Tuesday, 7 March 2017

Feature Selection and Modelling of Well-Being Using the Human Development Index



Feature Selection and Modelling of Well-Being Using the Human Development Index

1 Introduction

In recent times, the dramatic rise in the global population has put strain on the resources available in countries around the world. This growing strain is being tackled by governments in the developed world by pouring resources into health, education, income and infrastructure. These vital facets of quality of life are used to define a nation’s human development, having a high value is what we mean by a developed country. There is a consensus on the idea of a developed, developing and under developed country. Such terms are used to define government spending on international aid and are used in economic forecasting for global growth and trade. But what is human development? Human development can be defined as the process of increasing the population freedoms, opportunities and well-being. Human development is about giving people the opportunities to define their own life in all aspects such as, social group, political affiliation and religious practices.
The human development concept was first proposed by Mahbub ul Haq during his time at the World Bank in the 1970s, where he argued that the measures currently in use did not account for the true purpose of human development – to improve people’s lives. This bought about a change in the way that human development was recorded, where in the past the traditional approach would be to look solely at the economy usual using Gross Domestic Product (GDP), stock prices, consumer spending and national trade and debt, giving only a partial view of how the actual population are doing.
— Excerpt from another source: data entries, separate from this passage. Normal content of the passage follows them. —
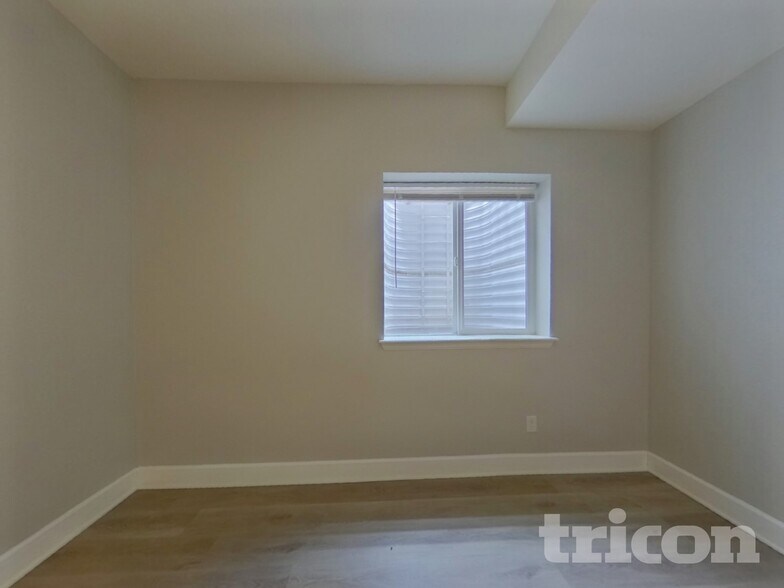 Building Photo - 6313 N Genoa Way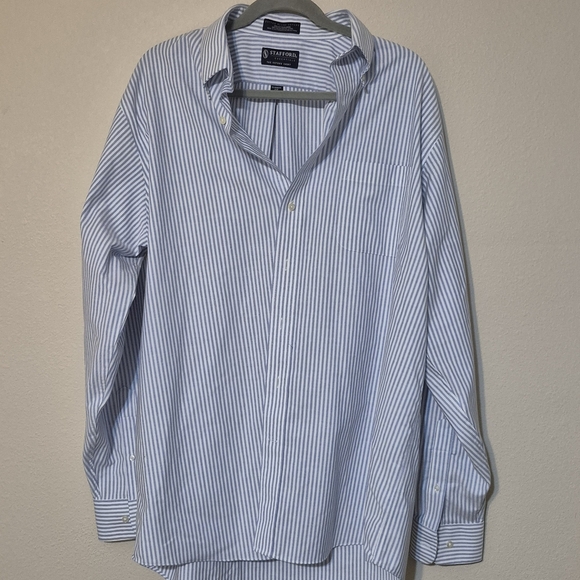 Stafford Other - Stafford Men's Light Blue Striped Button Down Shirt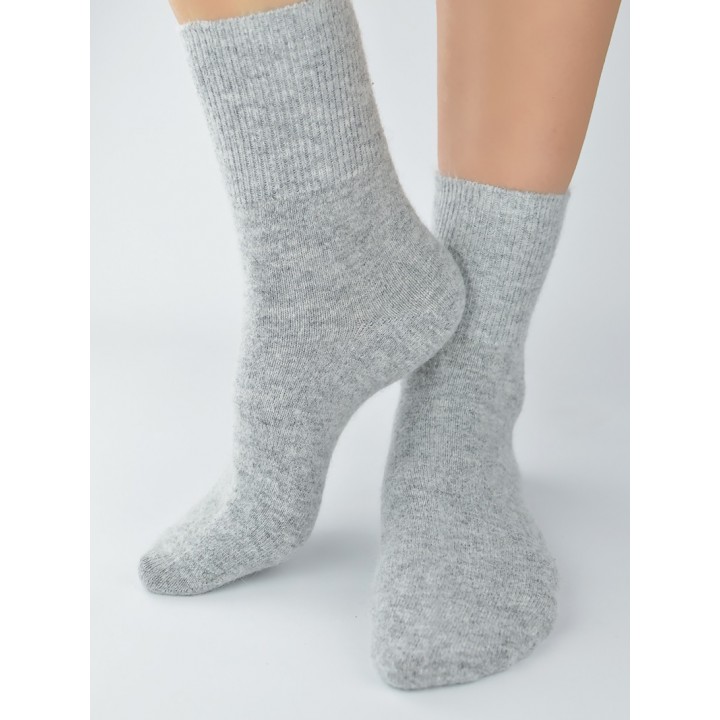 Носки NOVITI SB082-W-03 J Серые/Мелкие 36-41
The new approach using the Human Development Index (HDI) is asking a fundamentally different question, how are people doing? The HDI is reported as a composite index between 0-1 and is used across the world as a measure of a populations well-being.  HDI looks at health, education and income, these three variables are the basic requirements of opportunity and well-being. People put most emphasis on health, by this I mean avoiding premature death due to infection, disease or injury and maintaining a healthy lifestyle and receive adequate and timely medical care. Education is important as access to knowledge is crucial in the life chances of people within a society. Income allows people to maintain their basic needs of maintaining a home and providing food and clothing, this contributes to development as standard of living.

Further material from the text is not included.